Hi all. I want to further train (fine-tune) a pre-trained model that contains many nn.BatchNorm3d’s between layers. It was originally trained with bs=8. Unfortunately my GPU and the new samples will fit only bs=1.
Anyway I run into a bizarre training issue, see
I suspect the problem is related to bs=1. It causes many problems for BatchNorm, because the variance of each feature becomes 0. There are various attempts to make BatchNorm work with bs=1 - but I am not sure they any good.
How would you handle this situation of training a pre-existing model with BS=1?
- Should I simply freeze the BatchNorm’s?
- Is there any way to collect the mean & variance across the whole epoch and feed them to the BatchNorm’s?
- Any other pointers are welcome!
Are you running gradient accumulation? I think that could help
Grad Accum is a good idea to get a more stable optimisation, but will not fix the issue of BatchNorm.
One solution could be replace the batchnorms with (
LayerNorm). Other quick idea are reduce model size input or use 16 bit precision to be able to fit more than 1 item at a time.
Thanks for your suggestions. I will need a few days to check them out, because life.
One idea I found via a search is to freeze the mean and sd found by the pretraining, so that they are always used unchanged. Allow gamma and beta to be learned.
Stackoverflow claims that calling eval() on nn.BatchNorm will freeze the running mean and std, and allow gamma and beta to be learned.
I have never used training callbacks, and am not confident with them. Will this do what I am asking for above?
learn = Learner(data, modelR, loss_func=lossfn, cbs=BnFreeze)
Thanks for sharing your expertise.
I recall in the 2019 lectures Jeremy discussing “runningBatchNorm” in some detail to try and solve this type of issue. No idea if this made it into fastaiV2 but I would assume so.
Even better than Jeremy’s implementation of “runningBatchNorm”, which was an IIR filter on mean and variance, would be a variant of Welford’s online algorithm https://en.wikipedia.org/wiki/Algorithms_for_calculating_variance#Welford’s_online_algorithm with a cap on the count value. Even better would be to fix some constant “maxcount”, and do an initialisation of (mean=0,M2=maxcount) and then just assume count=maxcount all the time. This has the effect of setting the first few batches as assuming a mean=0,stdev=1 (which should be the result of a good initialisation of random parameters), and then the algorithm will slowly forget those initial values and remember the more recent maxcount values. Setting maxcount to ~256 should result in a smoothly updating batchnorm as though you had a batchsize of 256, which one would expect to yield reasonably smooth statistics.
I’m not sufficiently up to speed with the internals of the library to make these sorts of modifications myself, but it looks like you guys could take this idea and run with it.
Hi hushitz. Thanks for your insights. I have actually made some progress on the issue, but have not yet posted them. Basically, it is to freeze the running means and stds as found by the pretraining, and let gamma and alpha continue to be learned.

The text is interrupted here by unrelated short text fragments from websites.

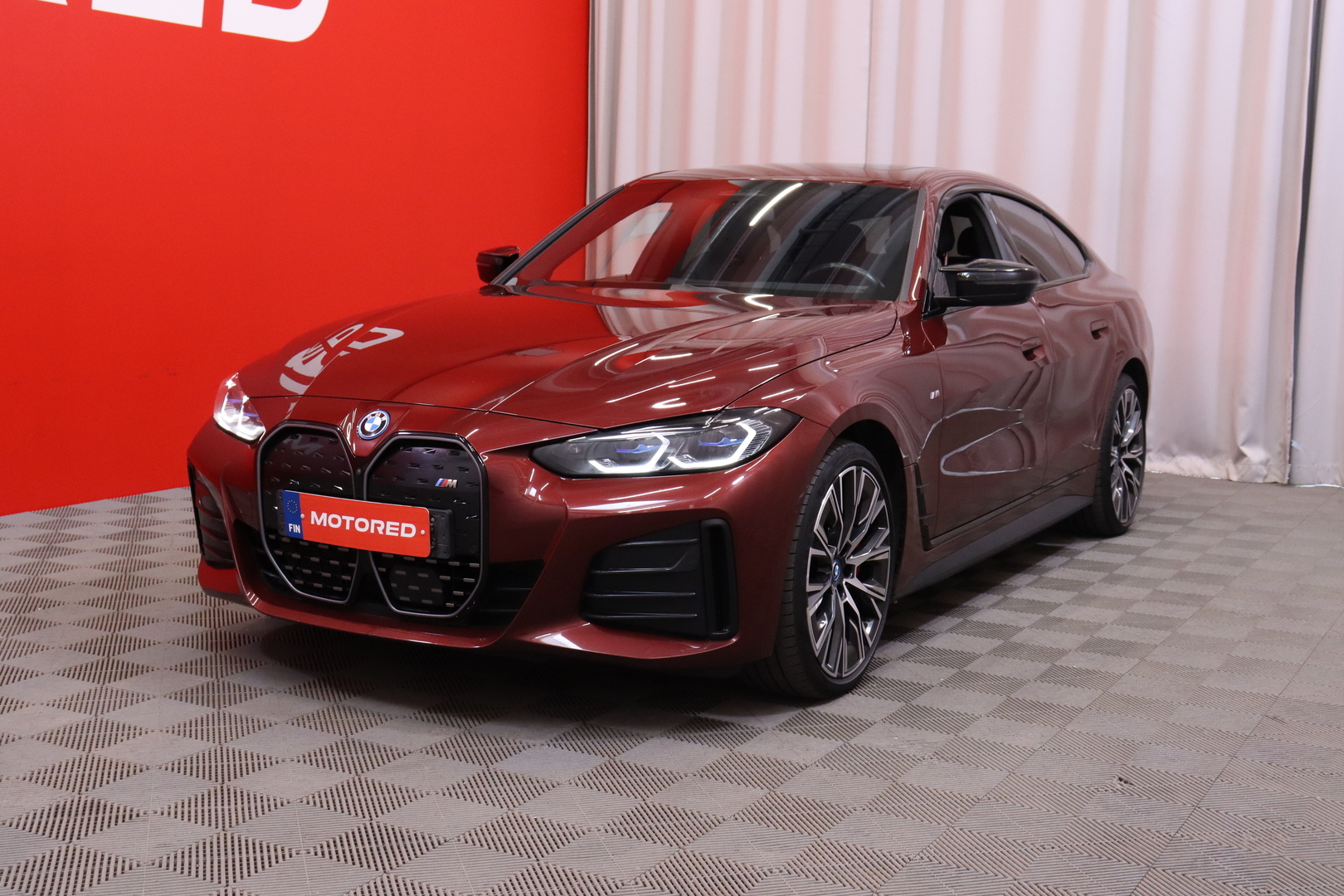 BMW - i4 M50 - Super Charged M Sport Pro / Laser / Kattoluukku / HUD / 360° / ACC / Harman&Kardon / Koukku / Adaptive M-alusta - Sedan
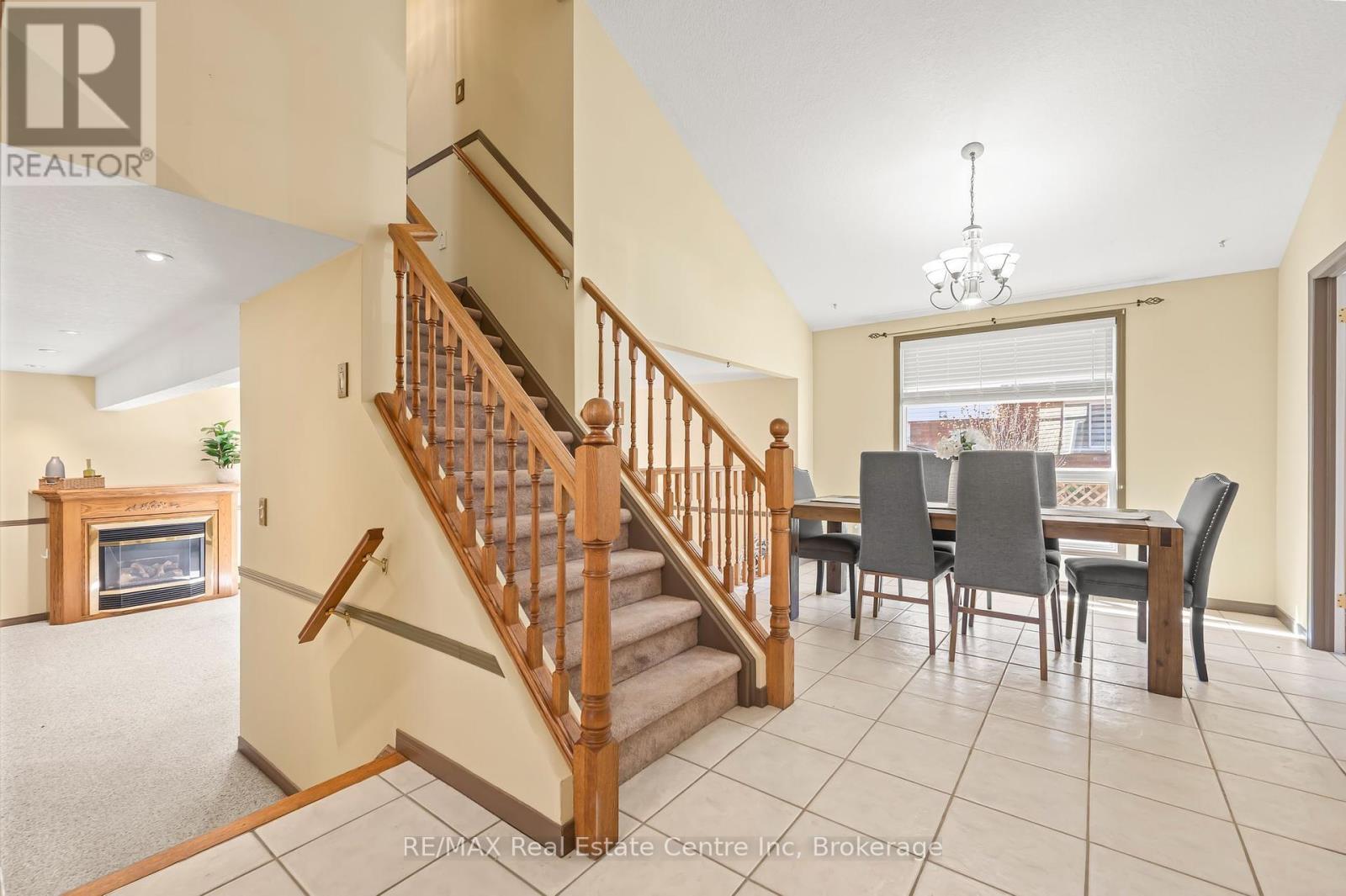 15 Abbeywood Crescent, Guelph, Ontario  N1K 1T9 - Photo 11 - X12060060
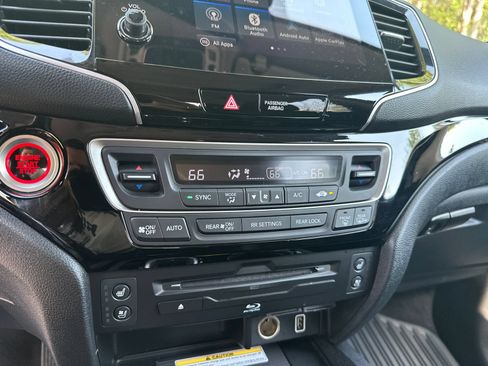 Used 2021 Honda Pilot Elite image 28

Empirically it eliminates the training anomalies. I’ll look at your ideas and post my code later.
Hi @Pomo, I’m having the same issue. Do you have an update on this? It’s greatly appreciated.
It has been many months since I looked at the issue. If I recall right, I could only fit a batch size = 1. The pretrained model used batchnorm between all layers. So I wrote a batchnorm that normalized using the running mean and std, and tracked them further as batches came in. Then some code to walk the pretrained model and replace the true batchnorm. It worked well enough. If the code would be actually helpful to you, I will look for it.
Another option is to use a different norm, like Layer or Instance, that does not depend on the batch size. The whole normalization thing seems handwavy to me. I’d try to avoid batchnorm if possible, but it might not be possible if you are using a pretrained model.